[Short text fragments from websites]
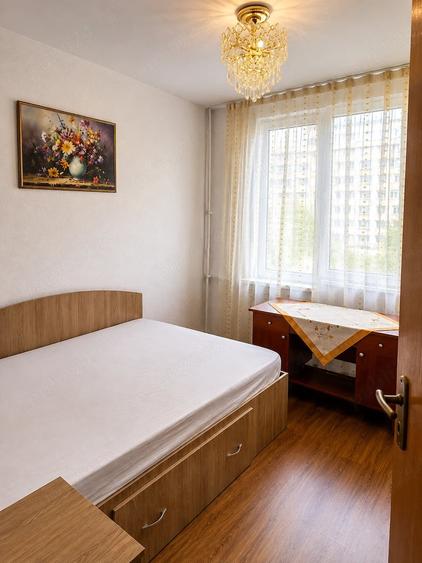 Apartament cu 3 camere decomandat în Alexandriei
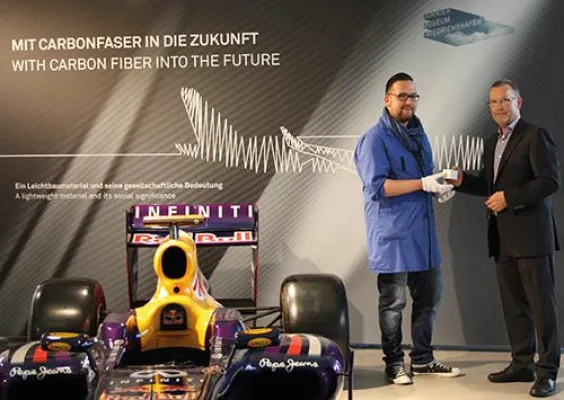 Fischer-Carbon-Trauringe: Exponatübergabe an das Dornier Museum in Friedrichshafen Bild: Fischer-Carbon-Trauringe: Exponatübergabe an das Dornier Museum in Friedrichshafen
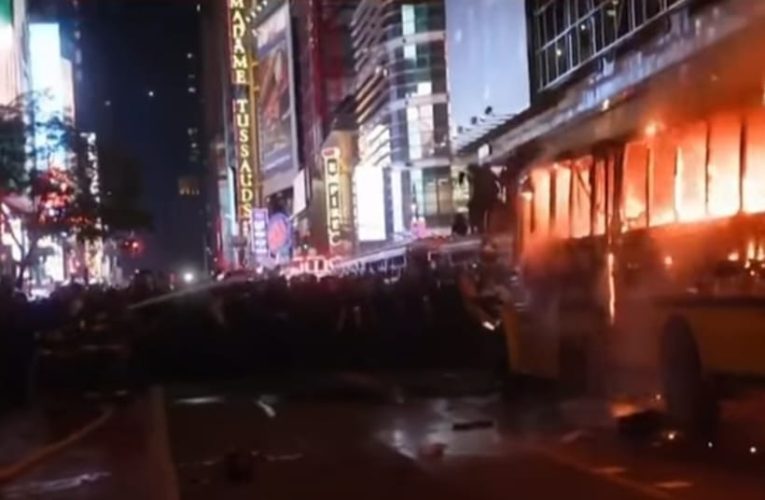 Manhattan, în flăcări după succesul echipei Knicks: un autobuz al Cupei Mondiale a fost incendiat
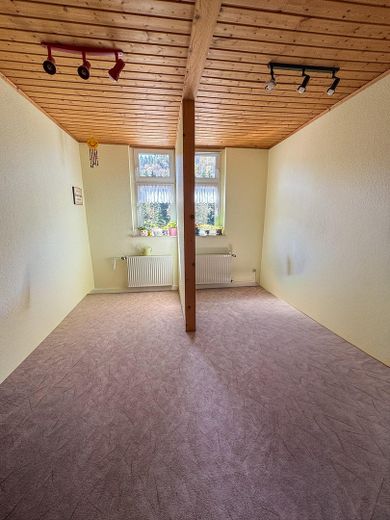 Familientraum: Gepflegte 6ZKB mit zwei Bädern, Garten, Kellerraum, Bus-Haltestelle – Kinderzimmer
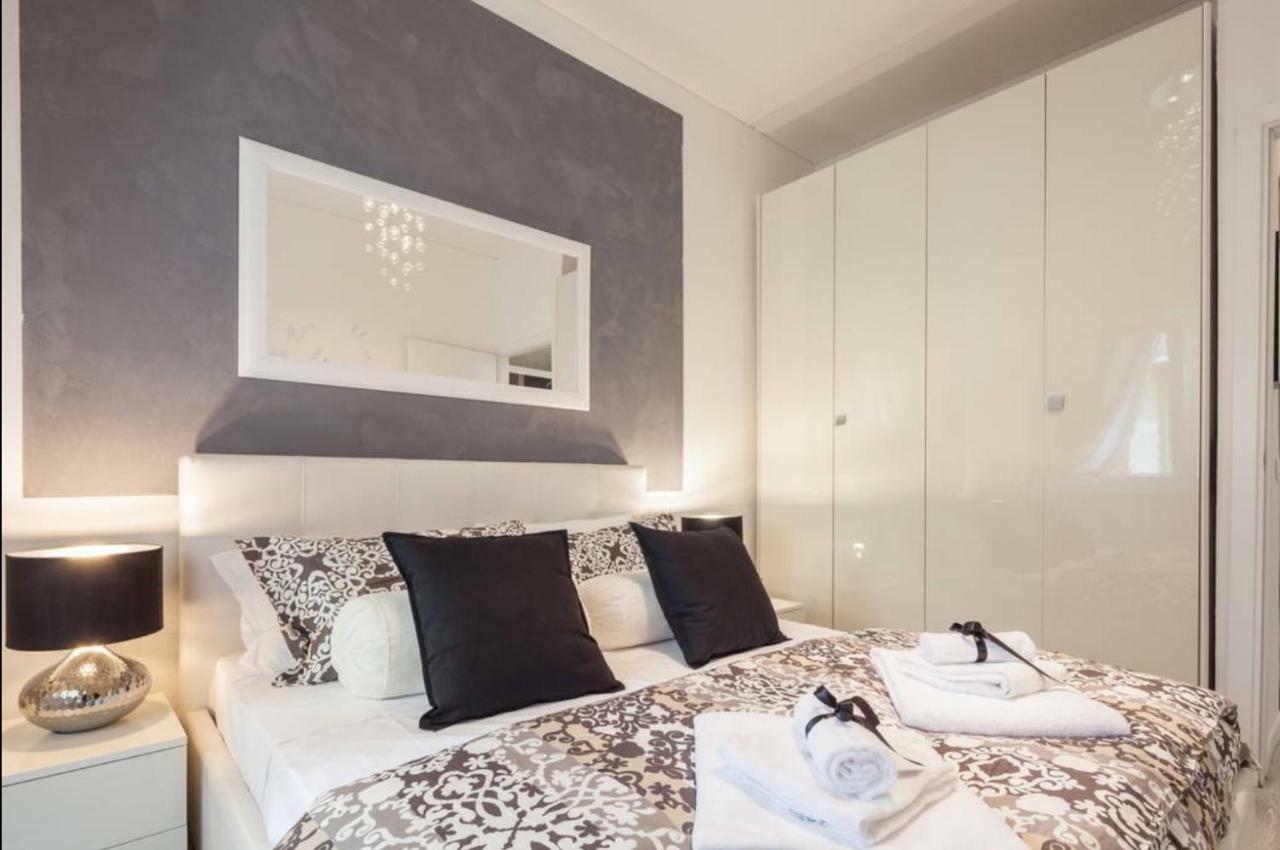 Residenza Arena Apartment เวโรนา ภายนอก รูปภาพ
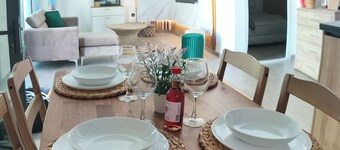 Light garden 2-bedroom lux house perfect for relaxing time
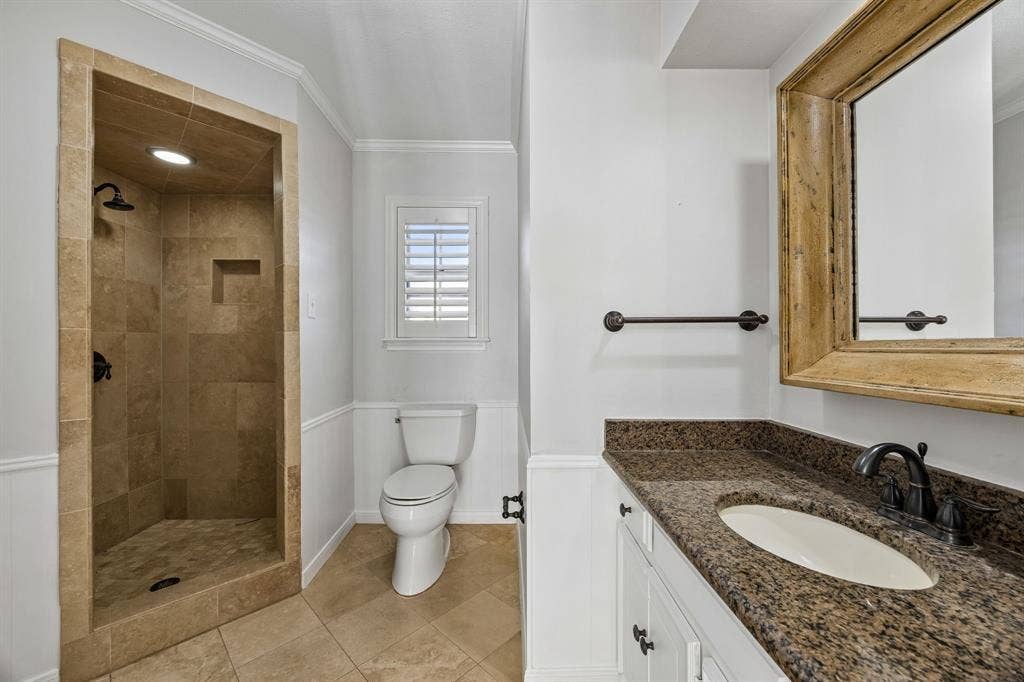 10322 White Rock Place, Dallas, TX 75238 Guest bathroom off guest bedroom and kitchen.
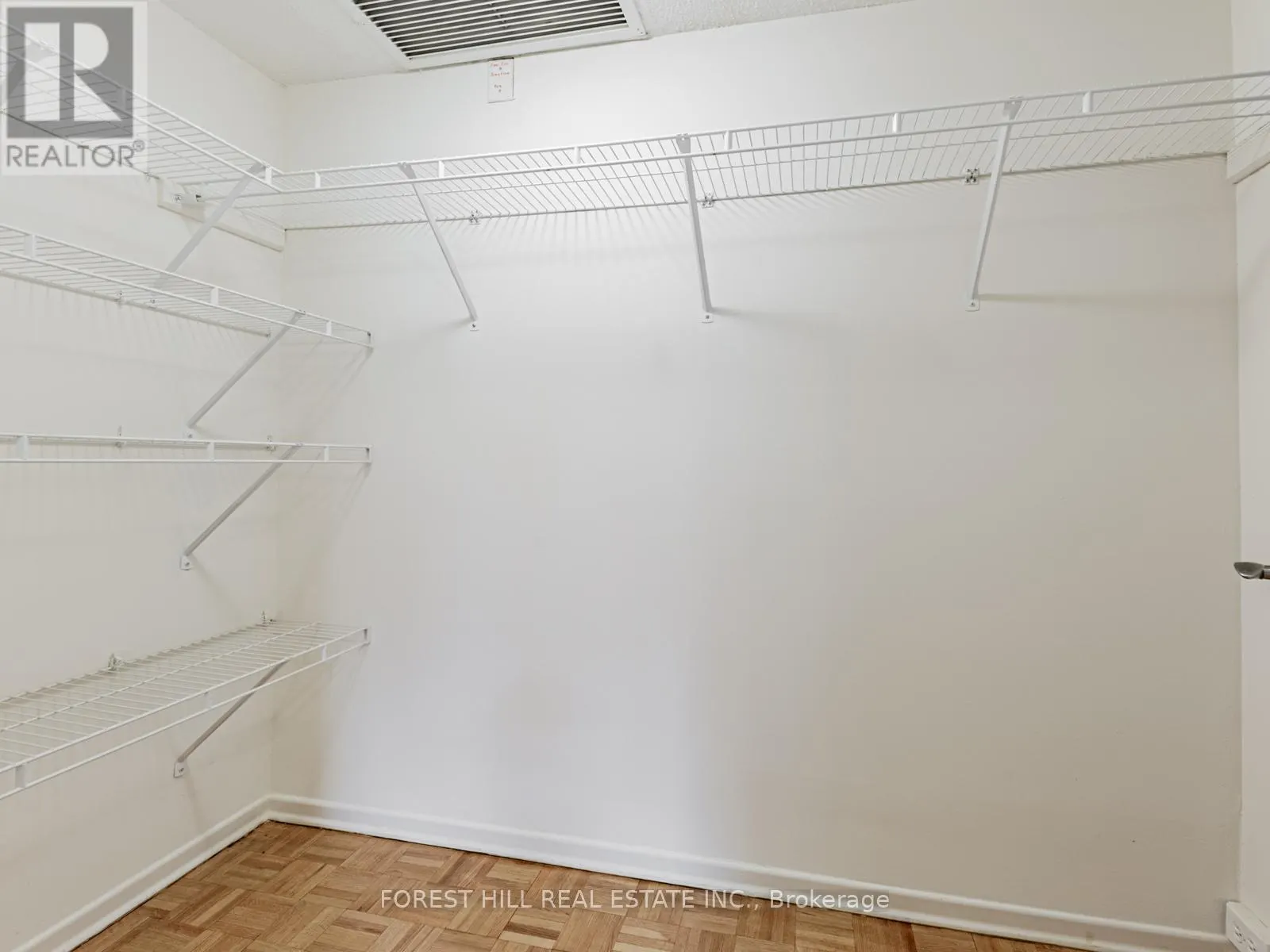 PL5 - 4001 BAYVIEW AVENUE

WHAT THE TASK ASKS: Beginning with the line containing "Light garden 2-bedroom" and ending with the last line of the data above, repeat each line exactly. Include no pictures and no other lines.

OUTPUT BELOW:
 Light garden 2-bedroom lux house perfect for relaxing time
 10322 White Rock Place, Dallas, TX 75238 Guest bathroom off guest bedroom and kitchen.
 PL5 - 4001 BAYVIEW AVENUE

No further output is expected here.